What needs to be done: Instruction for the entries that follow: retype exactly the lines from the line with "A swimming pool" to the line with "Professional cleaning contractor", both included, and omit all others.

(Records supplied)

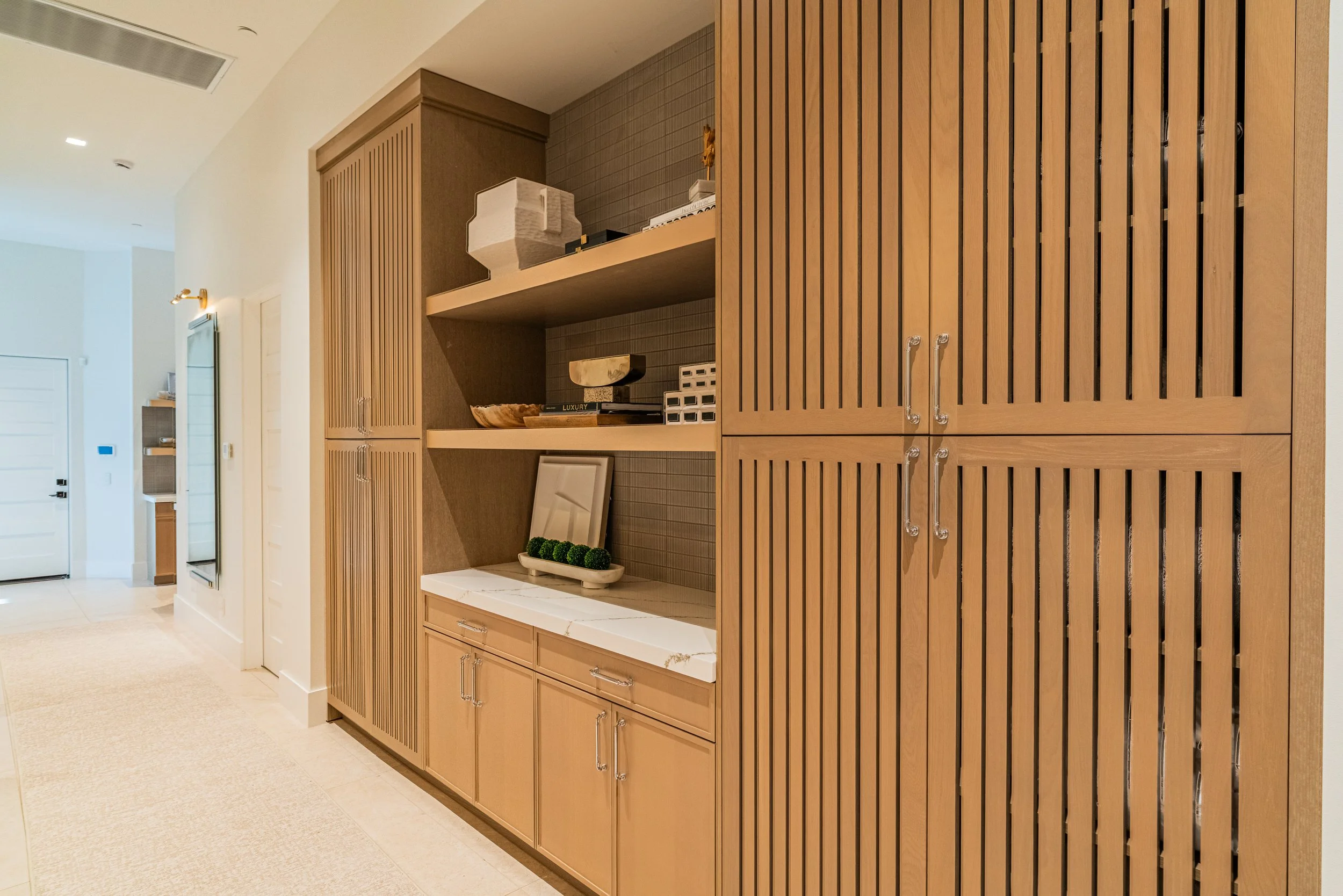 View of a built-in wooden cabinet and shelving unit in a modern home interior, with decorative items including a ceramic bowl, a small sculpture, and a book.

(End Records supplied)
(Records supplied)

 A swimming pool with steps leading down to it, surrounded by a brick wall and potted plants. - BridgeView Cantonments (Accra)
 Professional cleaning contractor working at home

(End Records supplied)

Solution to this task:
 A swimming pool with steps leading down to it, surrounded by a brick wall and potted plants. - BridgeView Cantonments (Accra)
 Professional cleaning contractor working at home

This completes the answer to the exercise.